The science journalist John Horgan wrote a highly critical review of the book in Scientific American, stating:

Mr. Coyne repeatedly reminds us that science, unlike religion, promotes self-criticism, but he is remarkably lacking in this virtue himself. He rejects complaints that some modern scientists are guilty of "scientism," which I would define as excessive trust – faith! – in science. Actually, Faith vs. Fact serves as a splendid specimen of scientism. Mr. Coyne disparages not only religion but also other human ways of engaging with reality. The arts, he argues, "cannot ascertain truth or knowledge," and the humanities do so only to the extent that they emulate the sciences. This sort of arrogance and certitude is the essence of scientism.

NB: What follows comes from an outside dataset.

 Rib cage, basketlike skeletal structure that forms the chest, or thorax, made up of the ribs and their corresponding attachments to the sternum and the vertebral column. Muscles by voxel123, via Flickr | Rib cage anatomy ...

In a highly critical review for First Things, the Catholic philosopher Edward Feser criticized the book for being unable to define its terms consistently, writing that:

[Coyne] has no consistent account at all of what religion is. On one page, he will tell you that Jainism is not really the sort of thing he means by "religion." Forty pages later, he’ll offer Jainism as an example of the sort of thing he means by "religion." If the views of some theologian are clearly compatible with science, Coyne will assure us that what theologians have to say is irrelevant to determining what is typical of religion. But if a theologian says something that Coyne thinks is stupid, then what theologians have to say suddenly becomes highly relevant to determining what is typical of religion. When churchmen refuse to abandon some doctrine, Coyne tells us that this shows that religion is dogmatic and unwilling to adjust itself to modern knowledge. When churchmen do abandon some doctrine, Coyne tells us that this shows that religion is unfalsifiable and desperate to adjust itself to modern knowledge. It seems Coyne also missed that lecture in logic class about the fallacy of special pleading.